_Your goal_: Begin your copy at the line that holds "unfurnished bedroom with" and carry it through the final line of the data, writing out each line exactly and omitting pictures.

_Task material_:
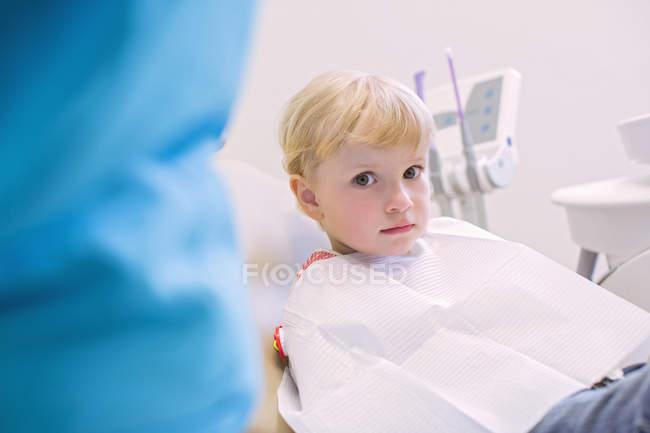 Fille dans une chaise de dentiste regardant caméra — Photo de stock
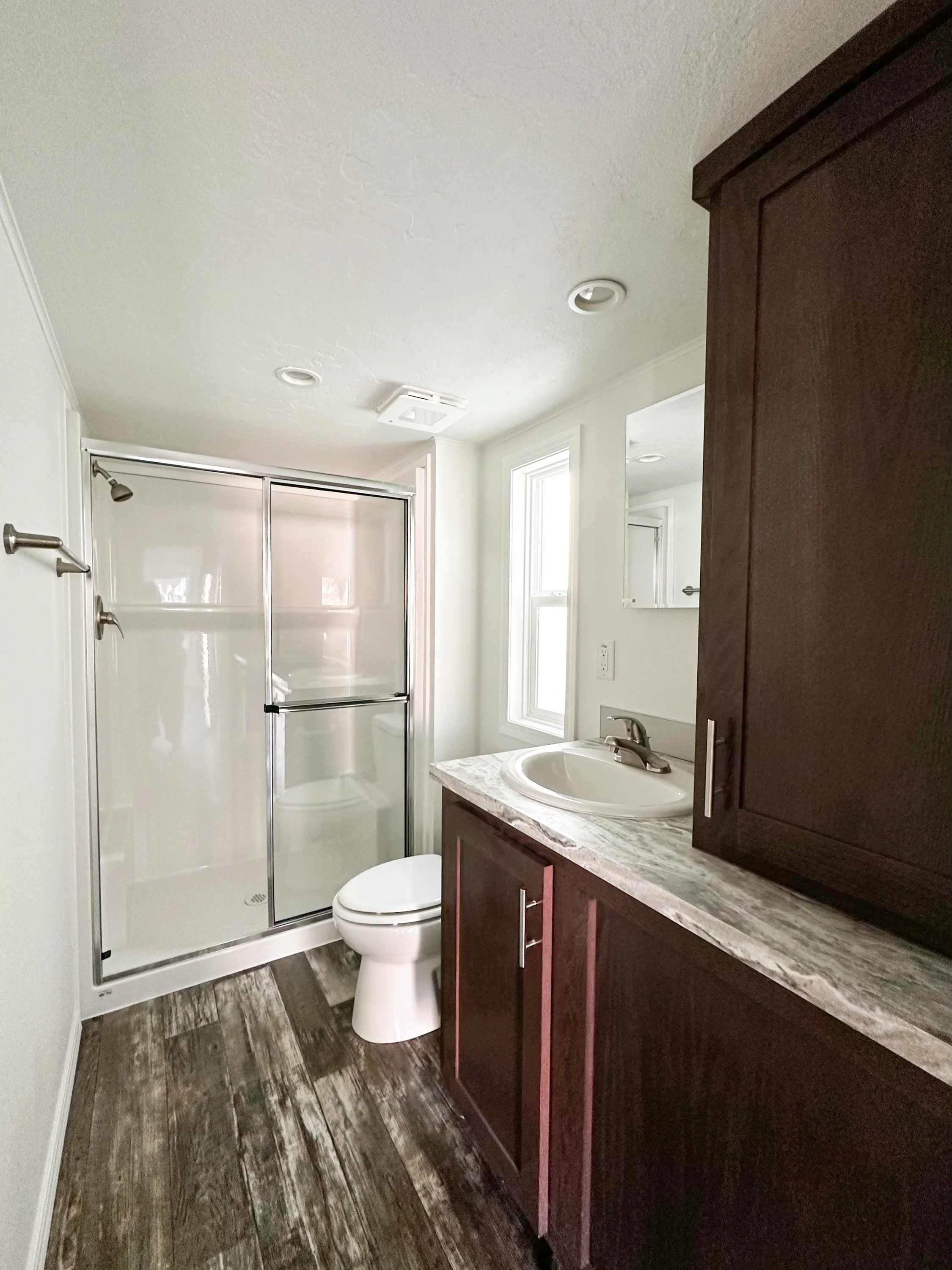 Lofted Ponderosa bathroom with walk-in shower and cabinetry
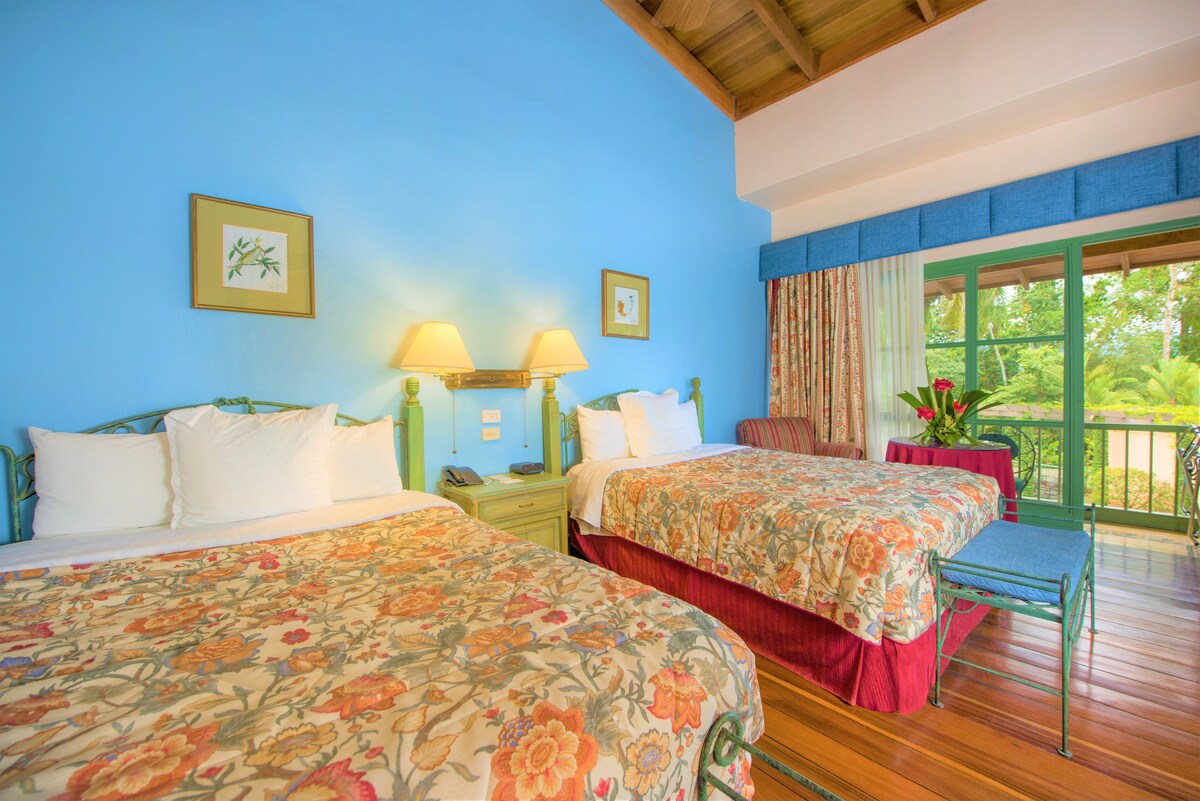 The room features two queen beds adorned with floral bedspreads and light-colored pillows. A small table and chairs are positioned near the window, which offers views of the garden. The walls are painted in soothing blue, complemented by natural wood finishes.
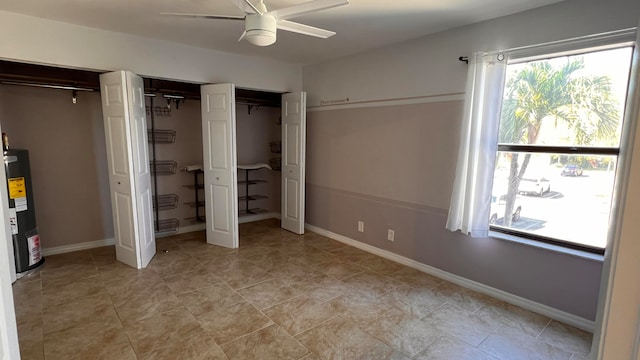 unfurnished bedroom with multiple closets, gas water heater, and ceiling fan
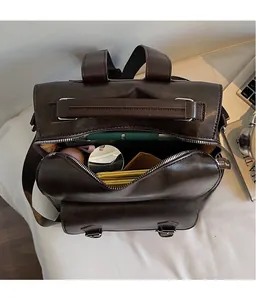 Detail view of wide-opening vintage leather backpack showing spacious internal storage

_Solution_:
 unfurnished bedroom with multiple closets, gas water heater, and ceiling fan
 Detail view of wide-opening vintage leather backpack showing spacious internal storage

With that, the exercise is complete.